According to the USPTO, the following describes what can be patented: In the language of the statute, any person who “invents or discovers any new and useful process, machine, manufacture, or composition of matter, or any new and useful improvement thereof, may obtain a patent,” subject to the conditions and requirements of the law. The word “process” is defined by law as a process, act or method, and primarily includes industrial or technical processes. The term “machine” used in the statute needs no explanation. The term “manufacture” refers to articles that are made, and includes all manufactured articles. The term “composition of matter” relates to chemical compositions and may include mixtures of ingredients as well as new chemical compounds. These classes of subject matter taken together include practically everything that is made by man and the processes for making the products.

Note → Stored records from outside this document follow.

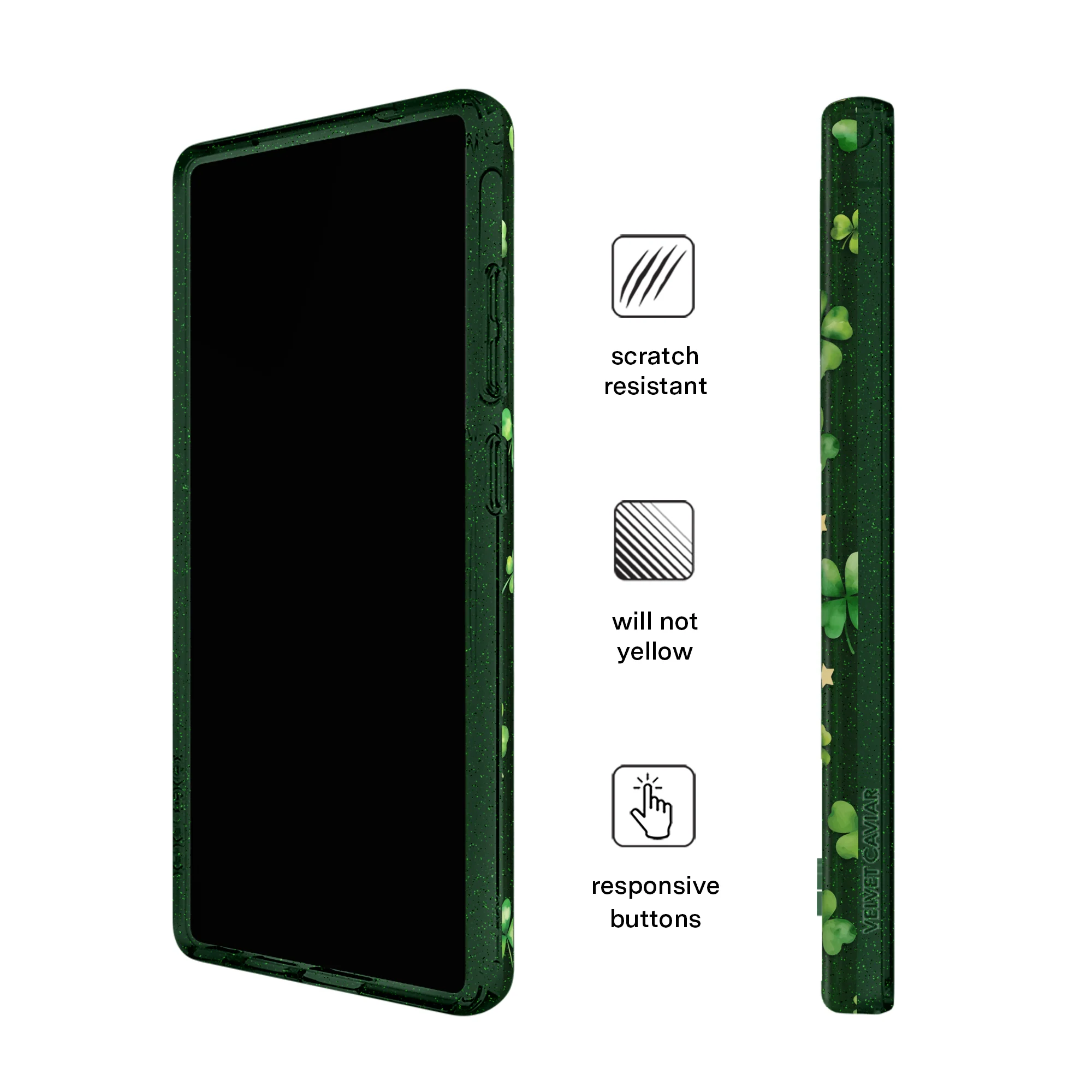 Lucky Clover Glitter Samsung Case - Image 15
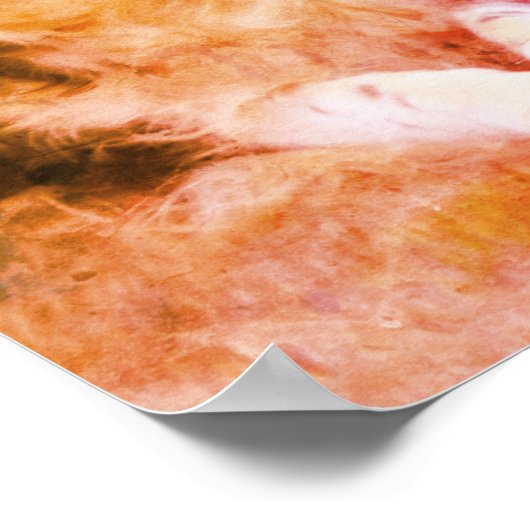 Border Collie And Ball Dog Art ポスター (角)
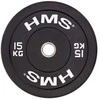 Olimpinis guminis svoris HMS BBR juodas - 5kg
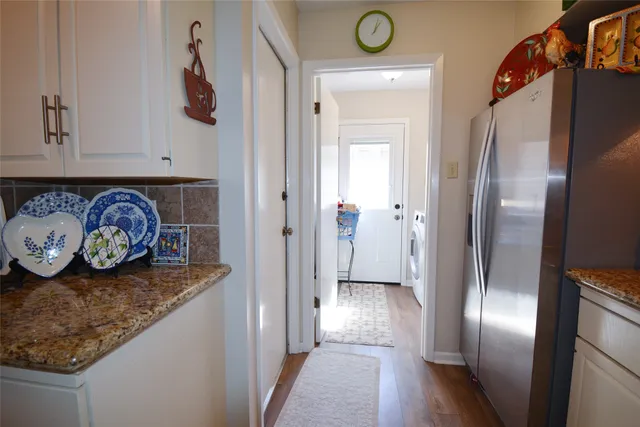 a view of a storage and utility room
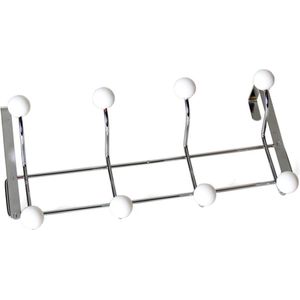 Gerimport Deurhanger 8-haaks 32 X 16 X 12 Cm Staal Wit/grijs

For more information about patents, visit http://www.uspto.gov
Trademark and Servicemark
A trademark is a word, name, symbol, or device that is used in trade with goods to indicate the source of the goods and to distinguish them from the goods of others. A servicemark is the same as a trademark except that it identifies and distinguishes the source of a service rather than a product. The terms “trademark” and “mark” are commonly used to refer to both trademarks and servicemarks.
Trademark rights may be used to prevent others from using a confusingly similar mark, but not to prevent others from making the same goods or from selling the same goods or services under a clearly different mark. Trademarks which are used in interstate or foreign commerce may be registered with the USPTO. The registration procedure for trademarks and general information concerning trademarks is described on a separate page.
The bottom line is you must protect your trademark or servicemark or you’ll lose it! We should be aware of how we use trademarks. For example Styrofoam is a trademark of The Dow Chemical Company. There is a very famous story about how Bayer lost its trademark for “Aspirin” that is very insightful. Click here to read the history.
A trademark/servicemark search should be done before naming your company or products. You can consult an attorney for this or take advantage of free trademark searches on the web. Ultimately, a lawyer should be consulted to avoid unforeseen problems in the future.
*Important Disclaimer: I am not a lawyer and all legal decisions should be made with full understanding of the legal terms that can be best explained by an attorney.